Ukrainian President Volodymyr Zelenskyy told a German newspaper this week that he knows his demands for aid sound like a “never-ending loop,” but went on to add a fresh plea. “We need modern weapons,” he said. “We need support to survive and win. And the less willing our partners are to help us with arms, the longer this war will last and the more people will die.”

Specifically, Ukraine asked for 1,000 howitzer cannons, 500 tanks and 1,000 drones, among other systems, ahead of a meeting of defense ministers from 50 countries to discuss the war.

This week, President Joe Biden announced an additional $1 billion package, including precision munitions, 18 additional howitzers on top of more than 100 already committed, 36,000s round of artillery ammunition and $650 million in funds to allow Ukraine to buy coastal defense systems, radios and night vision goggles.

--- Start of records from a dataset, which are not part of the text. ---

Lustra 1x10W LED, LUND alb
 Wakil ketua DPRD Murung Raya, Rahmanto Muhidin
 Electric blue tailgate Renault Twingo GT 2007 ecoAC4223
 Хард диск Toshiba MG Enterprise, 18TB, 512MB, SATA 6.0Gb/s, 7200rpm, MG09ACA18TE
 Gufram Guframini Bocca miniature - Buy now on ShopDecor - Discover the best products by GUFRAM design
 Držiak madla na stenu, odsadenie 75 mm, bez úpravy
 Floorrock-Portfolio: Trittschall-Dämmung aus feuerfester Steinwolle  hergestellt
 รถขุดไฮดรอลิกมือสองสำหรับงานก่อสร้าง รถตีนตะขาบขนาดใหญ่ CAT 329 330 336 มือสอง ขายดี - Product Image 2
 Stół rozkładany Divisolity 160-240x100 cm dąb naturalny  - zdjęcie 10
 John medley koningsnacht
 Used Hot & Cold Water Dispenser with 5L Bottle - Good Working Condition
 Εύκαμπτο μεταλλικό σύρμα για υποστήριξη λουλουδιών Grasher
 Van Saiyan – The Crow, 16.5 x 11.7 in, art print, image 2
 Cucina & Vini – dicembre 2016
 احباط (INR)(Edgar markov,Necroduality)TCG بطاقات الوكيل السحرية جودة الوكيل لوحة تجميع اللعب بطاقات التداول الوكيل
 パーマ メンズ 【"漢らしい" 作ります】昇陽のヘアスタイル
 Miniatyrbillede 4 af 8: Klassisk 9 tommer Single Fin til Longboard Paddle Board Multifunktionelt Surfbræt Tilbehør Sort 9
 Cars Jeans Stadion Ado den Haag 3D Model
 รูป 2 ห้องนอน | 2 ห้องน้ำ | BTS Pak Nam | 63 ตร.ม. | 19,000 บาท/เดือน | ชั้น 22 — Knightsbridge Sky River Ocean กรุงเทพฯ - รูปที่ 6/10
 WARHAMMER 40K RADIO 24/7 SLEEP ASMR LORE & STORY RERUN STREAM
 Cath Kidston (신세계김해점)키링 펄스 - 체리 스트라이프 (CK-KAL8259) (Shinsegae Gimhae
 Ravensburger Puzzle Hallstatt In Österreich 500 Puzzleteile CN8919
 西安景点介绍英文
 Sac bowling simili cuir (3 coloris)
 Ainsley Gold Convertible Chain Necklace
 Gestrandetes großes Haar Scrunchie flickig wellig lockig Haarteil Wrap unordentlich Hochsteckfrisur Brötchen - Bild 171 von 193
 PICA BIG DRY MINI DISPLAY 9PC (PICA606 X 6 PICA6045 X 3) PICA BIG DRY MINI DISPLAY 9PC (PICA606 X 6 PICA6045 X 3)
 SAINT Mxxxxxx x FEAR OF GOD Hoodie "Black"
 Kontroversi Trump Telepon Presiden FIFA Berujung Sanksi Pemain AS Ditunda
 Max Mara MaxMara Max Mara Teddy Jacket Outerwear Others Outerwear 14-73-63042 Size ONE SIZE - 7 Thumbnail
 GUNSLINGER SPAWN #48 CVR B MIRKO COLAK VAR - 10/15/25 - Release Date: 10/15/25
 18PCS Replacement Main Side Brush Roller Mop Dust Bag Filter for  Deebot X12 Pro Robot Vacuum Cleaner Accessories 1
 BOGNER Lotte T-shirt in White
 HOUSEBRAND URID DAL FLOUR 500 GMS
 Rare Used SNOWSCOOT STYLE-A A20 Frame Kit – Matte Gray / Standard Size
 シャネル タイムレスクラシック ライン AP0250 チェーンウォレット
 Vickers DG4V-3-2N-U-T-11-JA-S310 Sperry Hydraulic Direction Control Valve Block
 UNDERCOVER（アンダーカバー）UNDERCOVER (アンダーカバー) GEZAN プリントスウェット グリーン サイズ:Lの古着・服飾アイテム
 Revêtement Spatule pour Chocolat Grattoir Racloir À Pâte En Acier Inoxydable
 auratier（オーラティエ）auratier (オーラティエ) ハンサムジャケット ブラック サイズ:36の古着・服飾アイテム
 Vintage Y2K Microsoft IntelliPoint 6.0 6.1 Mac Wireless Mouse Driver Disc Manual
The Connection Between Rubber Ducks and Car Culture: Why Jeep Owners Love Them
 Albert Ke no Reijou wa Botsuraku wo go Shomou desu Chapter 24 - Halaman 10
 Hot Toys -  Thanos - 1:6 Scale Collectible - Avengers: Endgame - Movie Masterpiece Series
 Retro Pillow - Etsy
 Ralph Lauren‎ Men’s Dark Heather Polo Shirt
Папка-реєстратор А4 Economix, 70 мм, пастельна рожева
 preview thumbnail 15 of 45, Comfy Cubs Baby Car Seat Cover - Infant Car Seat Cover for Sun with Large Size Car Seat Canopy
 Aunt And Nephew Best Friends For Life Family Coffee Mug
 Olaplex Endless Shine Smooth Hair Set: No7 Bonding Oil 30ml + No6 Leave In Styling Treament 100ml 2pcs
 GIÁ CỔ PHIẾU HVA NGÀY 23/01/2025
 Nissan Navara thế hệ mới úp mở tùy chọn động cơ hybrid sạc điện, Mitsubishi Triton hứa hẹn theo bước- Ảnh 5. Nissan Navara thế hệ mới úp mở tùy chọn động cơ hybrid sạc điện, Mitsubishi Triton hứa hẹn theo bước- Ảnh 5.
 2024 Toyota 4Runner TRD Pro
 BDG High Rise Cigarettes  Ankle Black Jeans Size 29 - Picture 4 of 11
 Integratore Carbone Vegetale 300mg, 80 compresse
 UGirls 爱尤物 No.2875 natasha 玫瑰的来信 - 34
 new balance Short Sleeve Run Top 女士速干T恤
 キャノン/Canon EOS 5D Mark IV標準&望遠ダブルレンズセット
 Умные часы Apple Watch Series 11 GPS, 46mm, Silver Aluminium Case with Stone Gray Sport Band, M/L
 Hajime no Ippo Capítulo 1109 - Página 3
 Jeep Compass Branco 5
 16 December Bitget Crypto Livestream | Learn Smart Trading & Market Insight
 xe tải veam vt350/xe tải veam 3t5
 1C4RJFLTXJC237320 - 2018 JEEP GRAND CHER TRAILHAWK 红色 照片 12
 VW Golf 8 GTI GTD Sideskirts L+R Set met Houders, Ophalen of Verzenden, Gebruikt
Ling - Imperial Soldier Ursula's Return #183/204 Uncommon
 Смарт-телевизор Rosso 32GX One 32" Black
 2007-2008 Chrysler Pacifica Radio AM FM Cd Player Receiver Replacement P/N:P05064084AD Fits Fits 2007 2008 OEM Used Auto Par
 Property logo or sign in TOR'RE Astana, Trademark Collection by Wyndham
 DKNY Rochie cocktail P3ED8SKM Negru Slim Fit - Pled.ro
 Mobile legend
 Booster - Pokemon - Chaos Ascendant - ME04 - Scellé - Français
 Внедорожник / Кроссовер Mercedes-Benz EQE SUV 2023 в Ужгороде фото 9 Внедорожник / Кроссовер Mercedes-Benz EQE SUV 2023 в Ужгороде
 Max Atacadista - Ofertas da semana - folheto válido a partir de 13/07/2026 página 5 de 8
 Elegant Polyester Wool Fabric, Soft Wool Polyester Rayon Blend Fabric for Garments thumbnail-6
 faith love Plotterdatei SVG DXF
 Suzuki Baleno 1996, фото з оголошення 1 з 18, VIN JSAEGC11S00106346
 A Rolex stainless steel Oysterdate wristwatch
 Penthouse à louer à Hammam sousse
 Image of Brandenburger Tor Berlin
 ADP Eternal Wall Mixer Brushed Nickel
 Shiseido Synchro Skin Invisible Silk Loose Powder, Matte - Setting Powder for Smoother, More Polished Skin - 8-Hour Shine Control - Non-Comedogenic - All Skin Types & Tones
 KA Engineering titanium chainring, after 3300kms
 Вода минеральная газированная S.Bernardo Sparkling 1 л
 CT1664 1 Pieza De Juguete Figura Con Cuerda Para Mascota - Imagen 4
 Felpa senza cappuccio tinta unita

But will all this weaponry turn the tide on the battlefield? And does Ukraine even have the capability to use it all? To explore those questions, Grid spoke with military logistics expert Mark Cancian. A retired Marine Corps colonel, who served in the Vietnam War, Desert Storm and the Iraq War, Cancian worked more recently on military supply and procurement issues at the Office of the Secretary of Defense and the Office of Management and Budget. He is currently a senior adviser at the Center for Strategic and International Studies.

This interview has been edited for length and clarity.

Grid: We’re hearing increasingly dire statements from Ukrainian officials saying that they don’t have the weapons systems and ammunition they need to effectively fight Russian forces in eastern Ukraine. Is the issue that Western countries aren’t sending them what they need or that the logistics of getting it to them are just so formidable?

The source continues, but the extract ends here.